The copy must run from the line containing "One way to share" through the final line of the records, both included, exactly as written. It should contain no pictures.

*** Opening of Data supplied ***

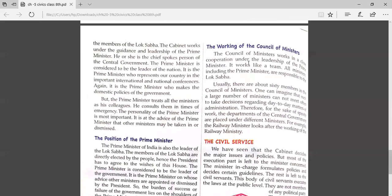The council of ministers works in close cooperation under the leadership of the prime minister — it works like a team. All ministers, including the prime minister, are responsible to the Lok Sabha. Usually there are about 60 members in the council of ministers, and one can imagine that such a large number of ministers cannot meet often to take decisions regarding day-to-day matters of administration.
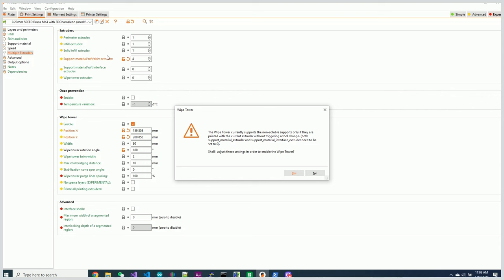Both the support material extruder and support material interface extruder need to be set to zero. And this actually gives you the feeling that you cannot use an extruder for support material if you have the wipe tower turned on. This dialog box is complete trash.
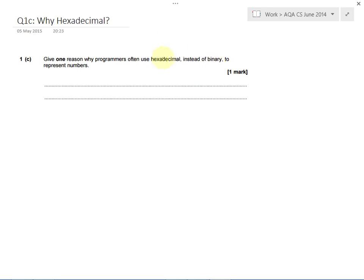Hexadecimal is much better at representing large numbers. So if you've got a large number, and programmers often do have to deal with large numbers, trying to write that number down in binary just takes up lots of space on the screen or lots of space in memory or lots of space in their code.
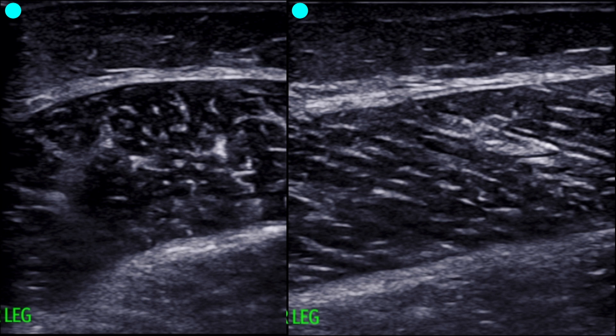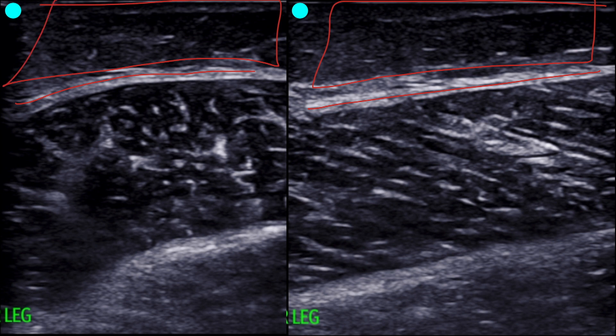This is her normal right leg posterior — the same images we've been looking at throughout these lectures. We can see the fascial plane right here and then her normal subcutaneous tissue. This one is a transverse view and then this one over here is a long axis.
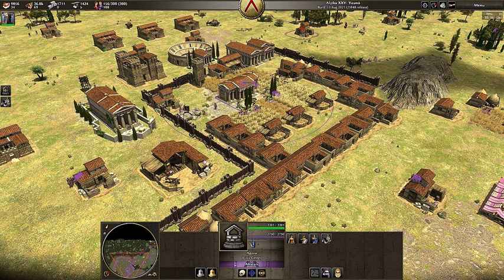Section 1: Gameplay. 0AD features the real-time strategy gameplay components of building a base, economic development, training an army, combat, and technology research.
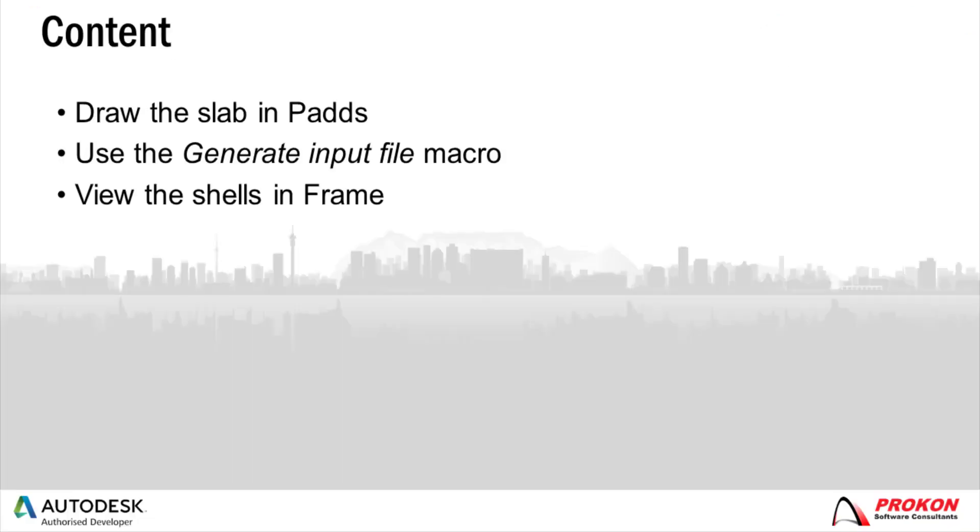In this video I will show you how to draw a slab in PADS and import it to Frame for analysis.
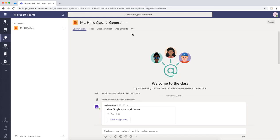One way to share Nearpod lessons in Teams is to add it to this horizontal bar. To do this, you'll need to add the Nearpod app to your team.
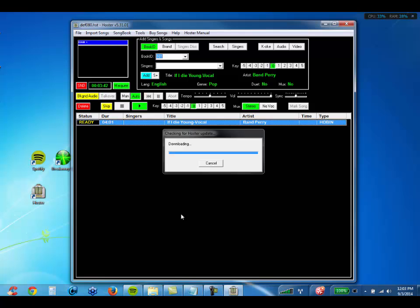Once the file is done downloading, Hoster will tell you that it needs to close and you're going to click OK on that. We've tried to streamline and make this process as easy as possible. It all depends on your internet connection and the speed at the moment, so it can take a few seconds to a few minutes. It just depends, so just make sure that you wait.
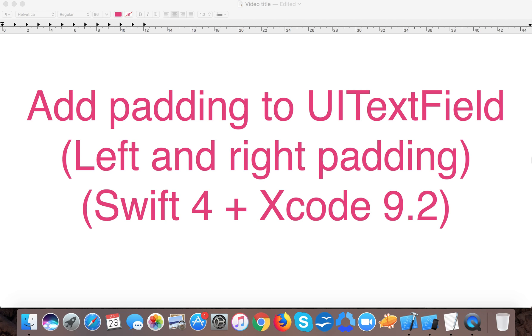Hello and welcome to the channel. In today's video we are going to learn how to add padding to a UITextField programmatically.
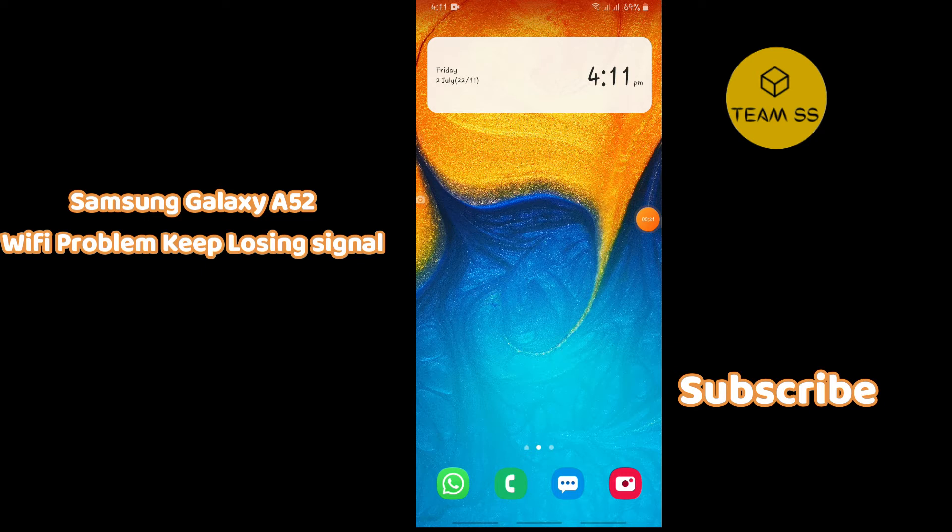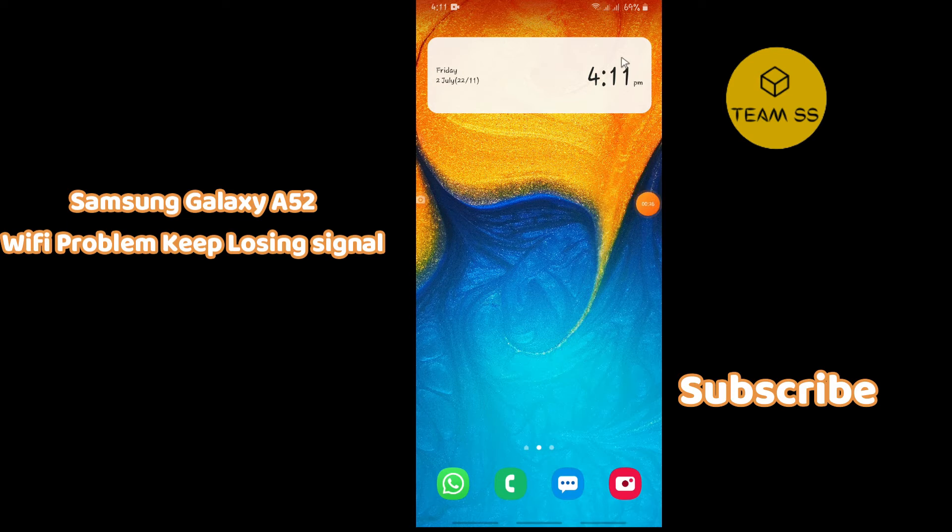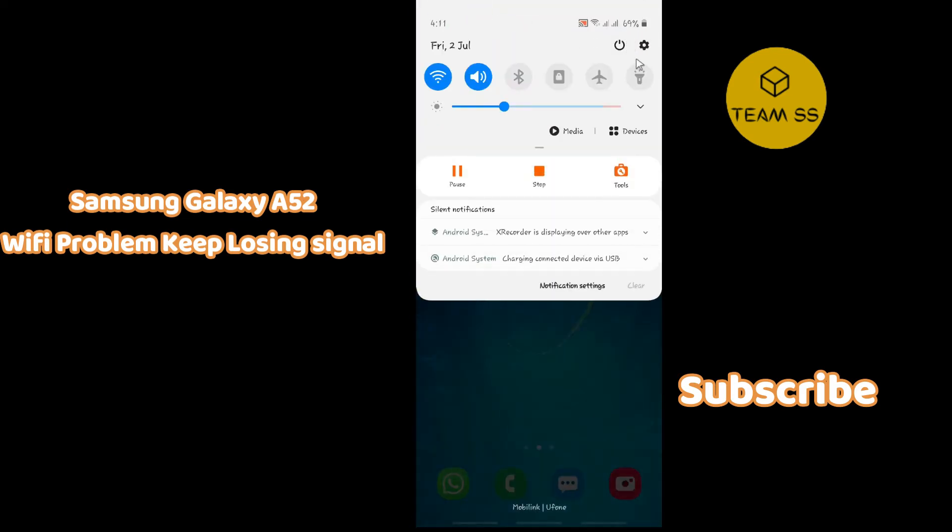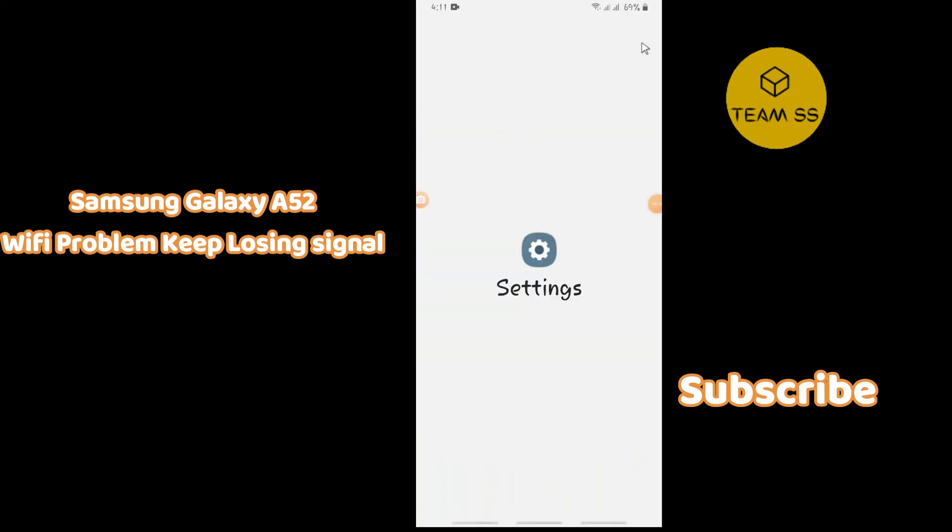If you are facing wifi problems, then first of all you need to go to settings and follow every single step as I am showing you in this video. Hope this will fix your issue.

*** Close of Data supplied ***

# Answer box:
One way to share Nearpod lessons in Teams is to add it to this horizontal bar. To do this, you'll need to add the Nearpod app to your team.
Once the file is done downloading, Hoster will tell you that it needs to close and you're going to click OK on that. We've tried to streamline and make this process as easy as possible. It all depends on your internet connection and the speed at the moment, so it can take a few seconds to a few minutes. It just depends, so just make sure that you wait.
Hello and welcome to the channel. In today's video we are going to learn how to add padding to a UITextField programmatically.
If you are facing wifi problems, then first of all you need to go to settings and follow every single step as I am showing you in this video. Hope this will fix your issue.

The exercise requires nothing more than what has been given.